More than 700 international energy leaders attended the September 2006 annual Oil and Money Conference in London. Edward Pearcey reports in the OPEC bulletin that at that meeting, Dr. Shokri Ghanem of Libya, a former director of the Research Division at the OPEC Secretariat in Vienna, acknowledged the approach of peak oil.

According to Dr. Ghanem, most experts seem to agree that peak oil output is near and could occur within the next 10 or 20 years. This leaves little time for a world economy driven primarily by oil.

At a November oil depletion conference in London, Christopher Smith, a BA Connect airline captain, referred to aviation as one of the fastest growing industries in the world. It consumes 5 million barrels of oil per day globally, nearly 10 percent of all transportation fuel use. C02 emissions from aviation were 5 percent of the UK’s 2003 emissions and could rise to 12 percent by 2020 and 40 percent by 2050. Unrestrained growth in air travel is not compatible with the country’s effort to reduce its C02 emissions to 40 percent of 1990 levels by 2050.

Smith addressed the question of alternative fuels to replace kerosene as a jet fuel. He discussed the potentials of hydrogen, ethanol/methanol, biodiesel and synthetic fuels. He sees little likelihood that these alternatives will replace kerosene in aircraft engines soon. Smith concludes that efficiency and fuel conservation strategies will dominate airline fuel policy. Since all fuel alternatives are costly and have climate change impacts, he believes the industry will accept very high costs before any large scale fuel switching occurs. The increasing cost of fuels and the need to limit combustion emissions may mean that some of today’s flying will no longer be possible.
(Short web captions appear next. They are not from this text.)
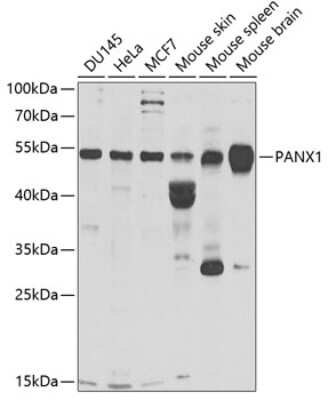 Western Blot: Pannexin-1 AntibodyBSA Free [NBP2-94060]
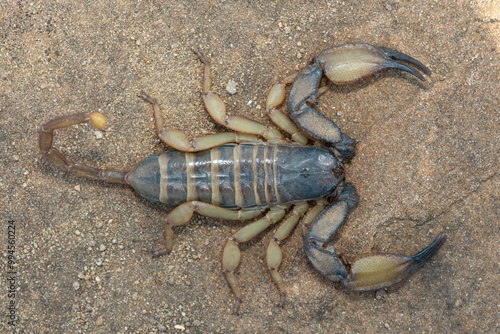 Above photograph of a beautiful flat rock scorpion (Hadogenes trichiurus pallidus)  photo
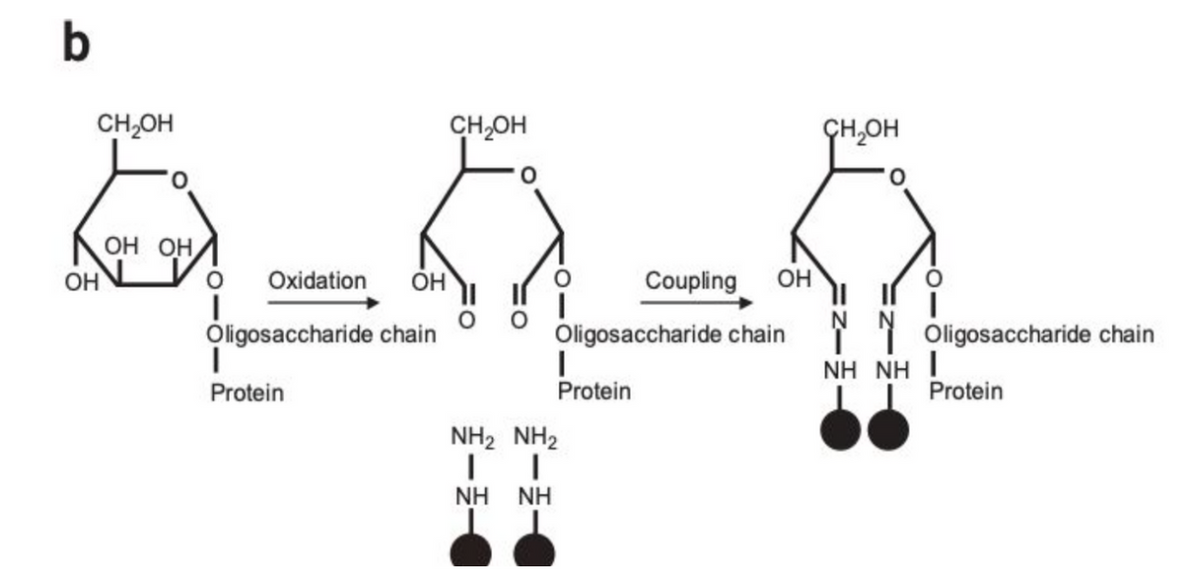 b
CH₂OH
OH OH
OH
Oxidation
OH
Oligosaccharide chain
|
Protein
CH₂OH
CH₂OH
Coupling OH
Oligosaccharide chain N N Oligosaccharide chain
NHANH I
|
Protein
NH2 NH2
-
NH NH
Protein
For every ton of kerosene consumed in jet aircraft, slightly more than 3 tons of C02 are released. The IPPC report on climate-change indicated that the overall climate changing effects of aviation are about 2.7 times greater than the C02 effect alone. Water vapor, soot, particulates, and ozone also have impacts considering the high altitudes of jet aircraft flight.

In a front-page article in the Dec. 19 issue of USA Today, Gary Stoller disclosed the probability of aviation emissions becoming one of the largest contributors to global warming by 2050. Of interest is the article’s recognition of Jim Starry’s airport design as a means to reduce airport emissions. John Kasarda, a professor at the University of North Carolina and designer of airports worldwide, sees merit in Starry’s untried design.

Starry revealed in a recent phone conversation he will travel to North Carolina in January to work with Kasarda in refining his design to make it commercially viable. We encouraged Starry to find support, even though he met with frustrating resistance over the past 25 years trying to find backing for his Starrport. We discussed his ideas with government officials as well as Stoller. They agreed that the Starrport concept was intriguing, but until it was built, there was no way to judge its merit.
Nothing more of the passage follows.